Principal Systems Research Analyst at Sandia National Laboratories
Thor Osborn focuses his data science efforts on analysis and modeling to inform executive leadership regarding key business decisions. Most of his recent work has been in modeling workforce movements, compensation, and document management. He holds a doctorate in biomedical engineering from the University of Washington and an MBA from the University of New Mexico, and has earned the Certified Analytics Professional designation. He has been awarded three US patents and has published on diverse topics including biological sensing, MEMS actuators, seeker systems, terrorism, and workforce analysis.
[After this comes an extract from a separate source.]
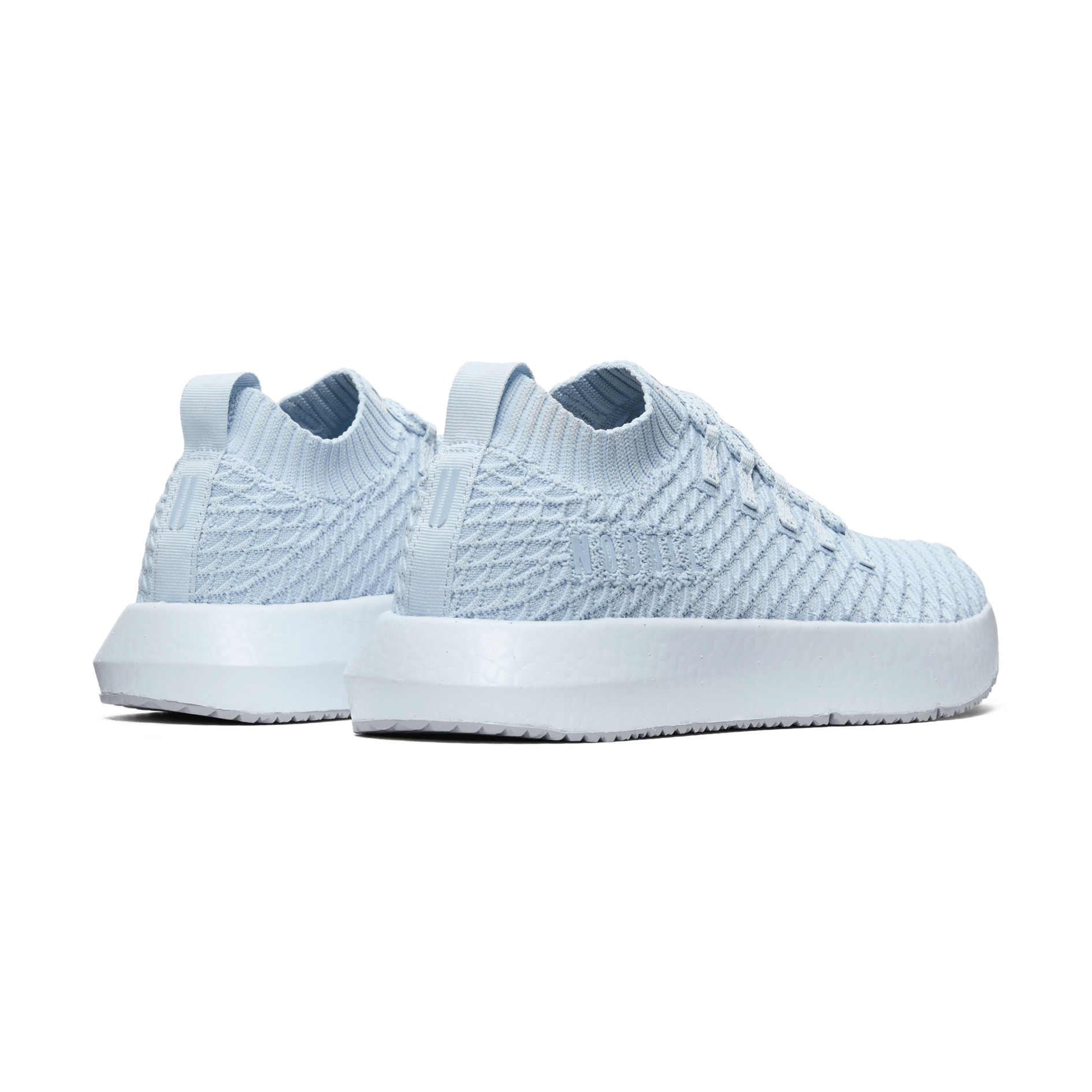 Blue Mist Drive Knit Shoe Back Side Angle.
Track: Risk Management & Predictive Analytics
Monday, April 15, 1:50–2:40pm
Application of Text Analysis to Quality Control of Operational Document Sets
Business operations are typically guided by procedural and policy-oriented document sets that were developed over time by many contributors. As a document set grows and begins to tax the memory capacity of individuals, the risk that additional documents offer little incremental information increases. Overcrowding of the conceptual space in a definitional document set tends to confound classification. This confounding risk is especially important in Human Resource Management regarding job definition documents, because distinctions in compensation absent clear differentiation of qualifications and job duties expose the firm to legal, financial, and reputation risks. This presentation addresses the business case for differentiating the job description set and demonstrates an algorithmic text analytics-based approach for comparing document differentiation against a contextually derived minimum standard using the Kolmorogov-Smirnov test. Analysis, quality improvement actions, and resulting impacts to differentiability are shown using a corpus of 250 job descriptions representing a large healthcare services organization.